Intitulé « Councillor Pledge for Palestine », le texte appelle les élus à défendre les droits des Palestiniens. Il leur demande également de veiller à ce que leurs conseils municipaux ne soient pas impliqués dans des activités liées à Israël.
Selon les organisateurs, 1 152 conseillers en fonction ont déjà signé. Parmi eux figurent 387 membres du Parti vert, 375 du Parti travailliste et 115 des Libéraux-démocrates.
Cinq élus conservateurs ont également apposé leur signature. Des représentants du Parti national écossais, de Plaid Cymru, des Verts écossais, de partis locaux et des indépendants figurent aussi parmi les signataires.

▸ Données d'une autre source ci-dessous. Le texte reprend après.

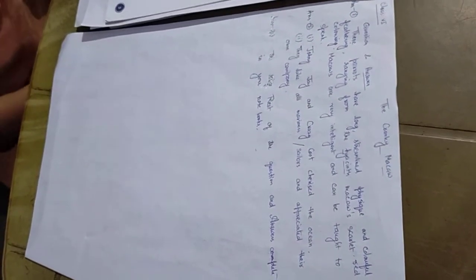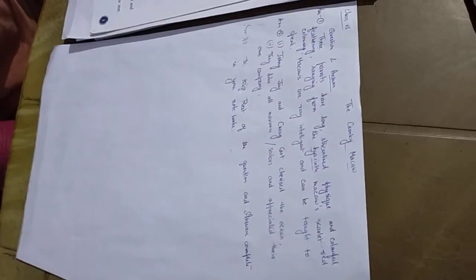Good morning, students. Today we will do the question and answers of the first lesson.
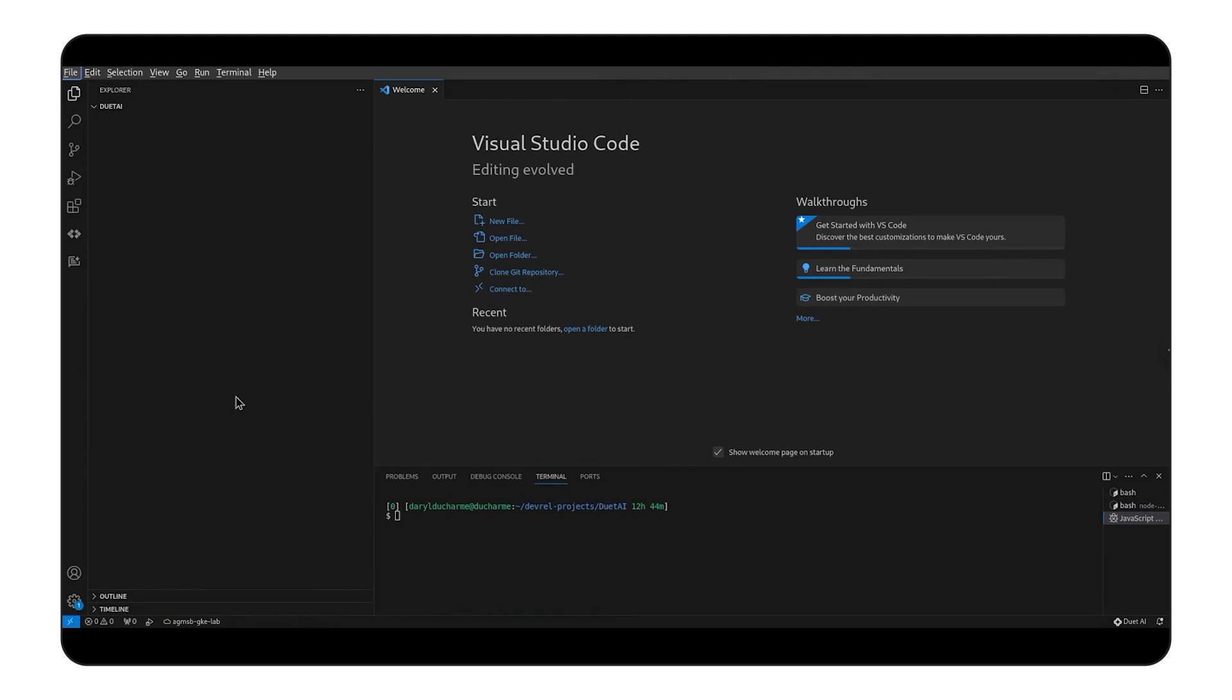Today, we're going to build, test, and deploy a simple Node.js app and will use Duet AI to help us get up and running quickly, get testing quickly, and deploy our app to the cloud.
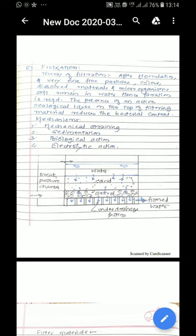And thus the biological action takes place. And the last mechanism, electrolytic action is also observed. It is about the charge neutralization of the small particles due to the filter media. Here the charge is neutralized and thus the particles get trapped. During backwashing the charge of the filter media can be replaced.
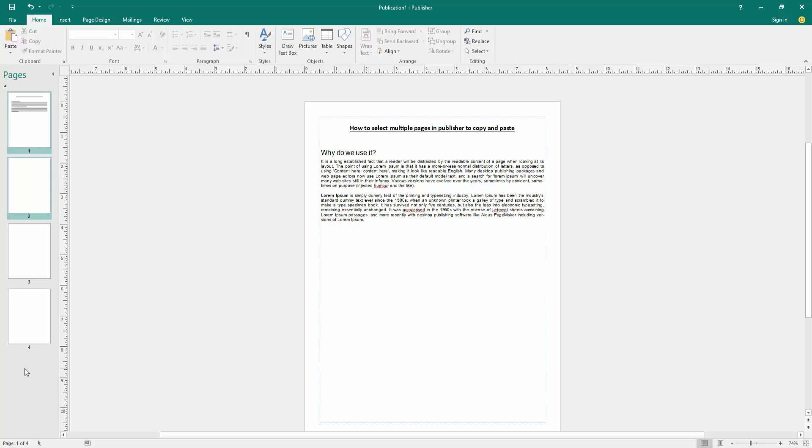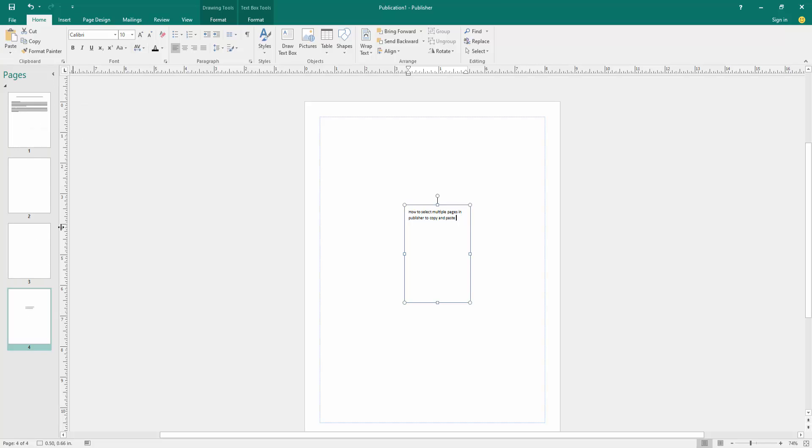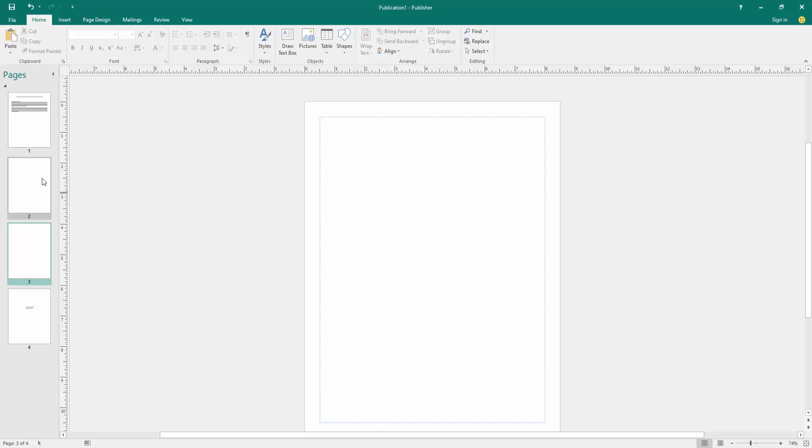Then click on another page and click the paste option. Now we can see we've selected multiple pages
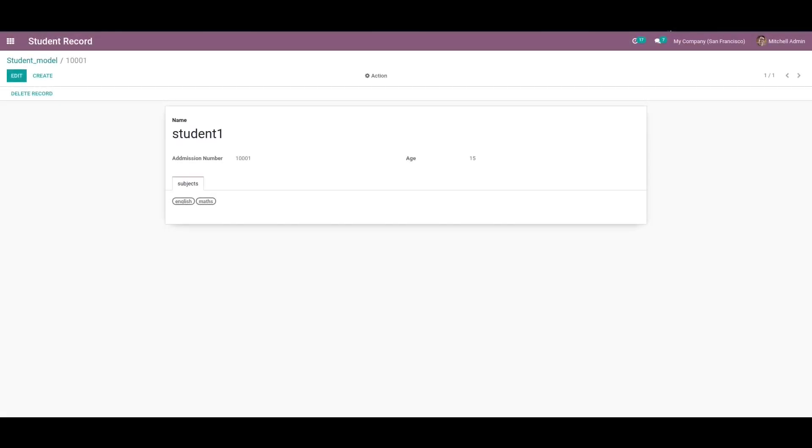Hi friends, in this video we are going to discuss how to empty a many-to-many field in Odoo using a Python function. For that, I am using my already existing school management module. You can see a subject many-to-many field in the student form view.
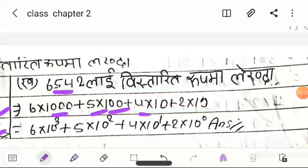So, 9 plus 10. So plus 2 multiply 1, into 10, 10.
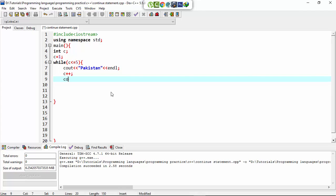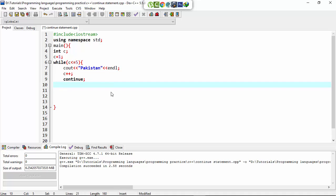Here I write the continue statement. After this I also want to print some other messages on the screen.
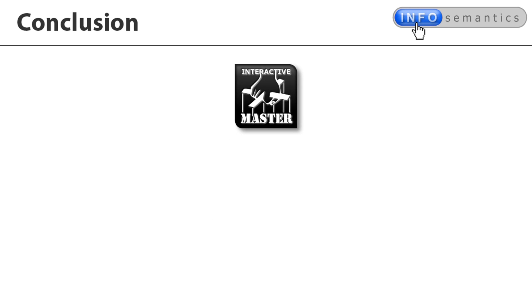If you have any questions, feel free to contact InfoSemantics via email or using the contact form on our website. If you'd like to give the master widget a try, click here to download an unlimited trial version. Goodbye for now and thanks for watching.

Objectif : influencer les politiques d’investissement locales
La campagne prévoit d’ouvrir l’engagement à tous les candidats à partir de mars. Elle bénéficie du soutien de Vote Palestine, une initiative coordonnée par la Palestine Solidarity Campaign avec l’appui de plusieurs organisations, dont le Palestinian Youth Movement Britain et The Muslim Vote.
Les organisateurs souhaitent pousser les collectivités à adopter des mesures alignées sur le mouvement Boycott, Désinvestissement et Sanctions (BDS). Ils ciblent notamment les fonds de pension administrés par les autorités locales.
D’après la Palestine Solidarity Campaign, ces fonds investissent plus de 12,2 milliards de livres sterling dans des entreprises liées à des violations du droit international. La campagne affirme que 31 conseils municipaux ont déjà adopté des motions ou publié des déclarations en faveur du désinvestissement.
Soutiens politiques et contexte électoral
L’ancien chef du Parti travailliste Jeremy Corbyn a soutenu l’initiative. Sur le réseau social X, il a appelé à faire de la question palestinienne un enjeu central des élections locales de 2026.
Parmi les signataires figurent des élus locaux et des candidats issus de plusieurs partis. Le scrutin de mai constitue un test politique pour le gouvernement travailliste dirigé par Keir Starmer, élu en 2024.
Toutes les circonscriptions municipales de Londres seront renouvelées. Dans certains arrondissements, les partis d’opposition espèrent capitaliser sur la mobilisation autour de la question palestinienne.
Une campagne marquée par des controverses judiciaires
La campagne se déroule dans un contexte de procédures judiciaires concernant le groupe Palestine Action. La Haute Cour a récemment jugé illégale sa proscription au titre de la législation antiterroriste.
Toutefois, l’interdiction reste en vigueur après l’autorisation accordée au ministère de l’Intérieur de faire appel.
Un militant présumé du groupe, Amu Gib, se présente aux élections municipales à Islington depuis sa détention. Il fait l’objet de poursuites liées à une intrusion présumée sur une base aérienne britannique. Le procès est en cours.